Contrariamente allo scambio di mercato la relazione di reciprocità esige un qualche bilanciamento tra ciò che si dà e l'aspettativa di ottenere in cambio qualcosa: un bilanciamento che non si manifesta però in un preciso ed esclusivo rapporto di scambio, ma il suo ambito di variabilità è proporzionale alla diffusione, tra i soggetti interessati all'azione, di sentimenti morali (benevolenza e simpatia).


La reciprocità dunque non si spiega solo in termini di self-interest perché gli aspetti motivazionali e relazionali sono costitutivi del concetto di reciprocità anche quando si tratta di reciprocità economica.

"Nella relazione di reciprocità il trasferimento precede, sia logicamente sia temporalmente, l'oggetto contraccambiato."

Questa rete di transazione basata sulla reciprocità è tipica di quelle forme di impresa e organizzazioni che costituiscono la diversificata realtà del non -profit.

Nell'Economia Civile dunque:

1) la reciprocità e il rapporto interpersonale sono elementi

centrali

2) i comportamenti non sono sempre ed esclusivamente

massimizzanti

3) le motivazioni hanno un ruolo decisivo nell'agire

economico della persona

Nell'economia civile il soggetto-agente economico non massimizza sempre e comunque il suo interesse personale.

E' necessario secondo Zamagni trovare un concetto di comportamento razionale più illuminante, magari ricucendo la separazione che c'è tra etica ed economia.

Una conseguenza di queste argomentazioni è che la tesi della avalutatività della scienza economica perde di vigore: le teorie economiche infatti non lasciano mai immutato ciò di cui la teoria si occupa, perché una volta divulgata la teoria modifica la realtà: esiste cioè un feed-back tra teoria e comportamento economico.

Da ciò deriva una grande responsabilità morale dell'economista e in ciò ha radice l'attenzione per queste nuove realtà economiche come il non profit.[11]

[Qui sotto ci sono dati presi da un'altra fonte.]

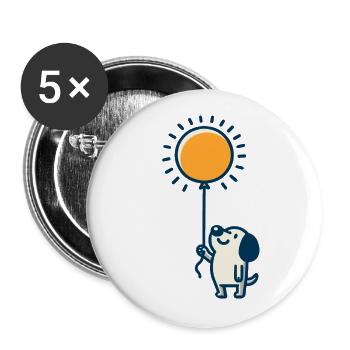 Leuchtender Ballon, fröhlicher Hund - Buttons groß 56 mm (5er Pack) - Weiß - Vorne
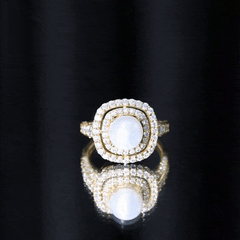 Amazing Freshwater Pearl Solitaire Engagement Ring and Moissanite Double Halo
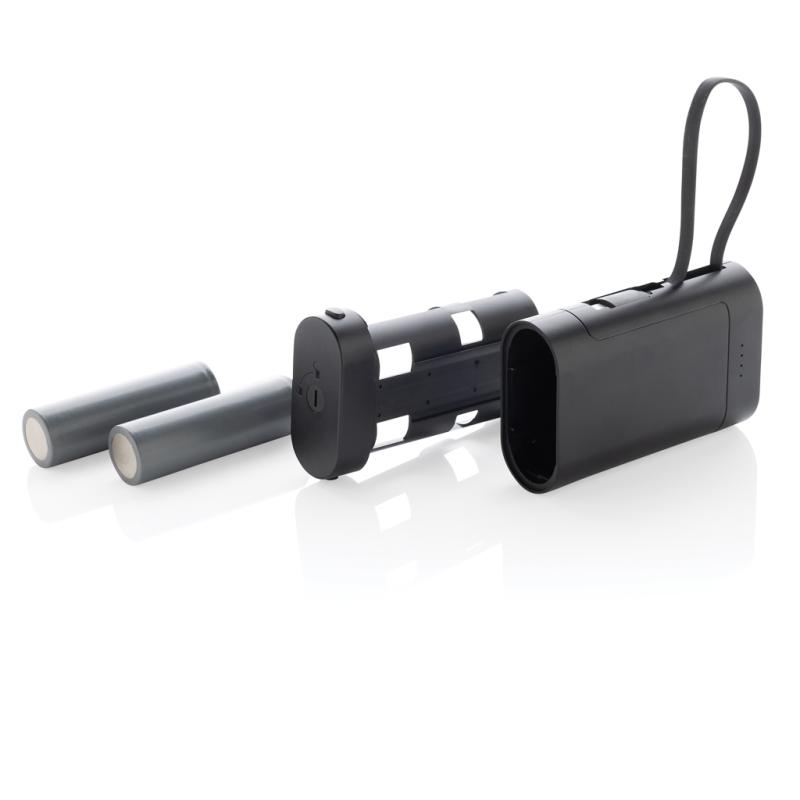 Powerbanka 10000mAh CycleCell s odnímateľnou batériou čierna 7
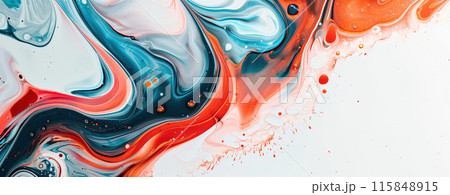 Mixing Colors, Blue and Red Colors on White as Abstract Background 115848915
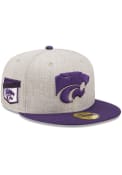 New Era Heather Patch 59FIFTY K-State Wildcats Fitted Hat - Grey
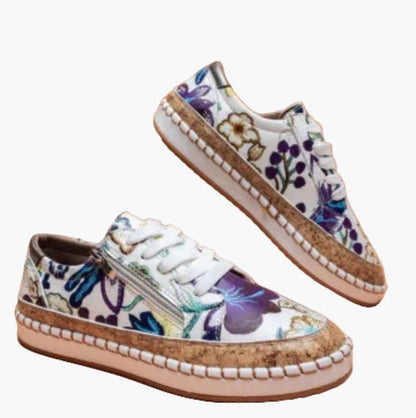 Damen Sneaker mit floralen Mustern – Modische Freizeitschuhe mit orthopädischem Komfort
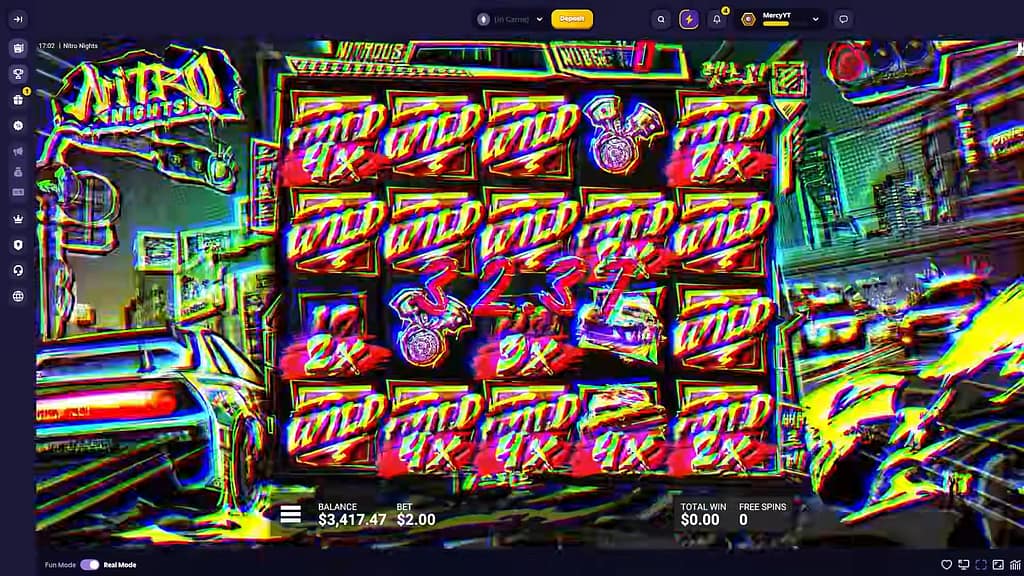 Gameplay during Nitro Nights' FUKUSHIMA Hidden Epic Bonus showing the grid flooded with Wild symbols carrying 1x, 2x, and 4x Position Multipliers as the Nudge chain plays out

Altra novità di Zamagni è l'introduzione di una nuova categoria di beni oltre ai beni privati ed ai beni pubblici: sono i beni relazionali (servizi alle persone).

Questi hanno come caratteristica che l'utilità che conferiscono a chi li consuma dipende dalla relazione che si instaura tra chi offre il bene e chi domanda: è importante allora il modo in cui il bene viene fornito ed il modo in cui viene consumato.

Proprio in questo consiste il tratto distintivo delle organizzazioni non profit: quello di qualificarsi come soggetti privilegiati nella produzione e offerta di beni relazionali.

Non è ancora disponibile però una teoria dei beni relazionali, ma è proprio questa la sfida da raccogliere: c'è bisogno di una teoria che sia in grado di spiegare sia la nascita sia la sostenibilità di soggetti economici la cui funzione specifica è quella di produrre tale nuova categoria di beni, creando e consolidando reti di fiducia.

Zamagni prospetta come superamento un modello di Stato Societario, che affida il soddisfacimento delle nostre sfere di benessere a forme legate alla società civile, alla economia non-profit: perché è più efficiente nella produzione dei beni relazionali e perché spetta alla società civile definire in cosa consiste il proprio benessere.

E' auspicabile in futuro una interazione tra Mercato e Terzo Settore, in condizione di competizione.

"...nella prospettiva della durata, un'economia di mercato risulta sostenibile se entrambe le gambe, quella dell'economia privata e quella dell'economia civile, sono messe in grado di funzionare. E' questo il distillato del ragionamento di Bernardino da Siena." Sulla stessa linea argomentativa si muovono gli studiosi della Scuola Napoletana il cui rappresentante più noto è Antonio Genovesi: una delle sue opere si intitola, appunto, "Lezioni di economia civile" (1765). In essa Genovesi spiega che il comportamento economico dell'uomo è dovuto parimenti a disposizioni d'animo e incentivi materiali."

Dunque una società autenticamente civile non può darsi un assetto istituzionale che favorisca i comportamenti basati sugli incentivi materiali a tutto svantaggio delle disposizioni d'animo. Proprio perché le motivazioni ideali procurano una gratificazione altrettanto legittima delle motivazioni materiali una società che vuol dirsi civile non deve a priori negare lo sviluppo di tali motivazioni ideali.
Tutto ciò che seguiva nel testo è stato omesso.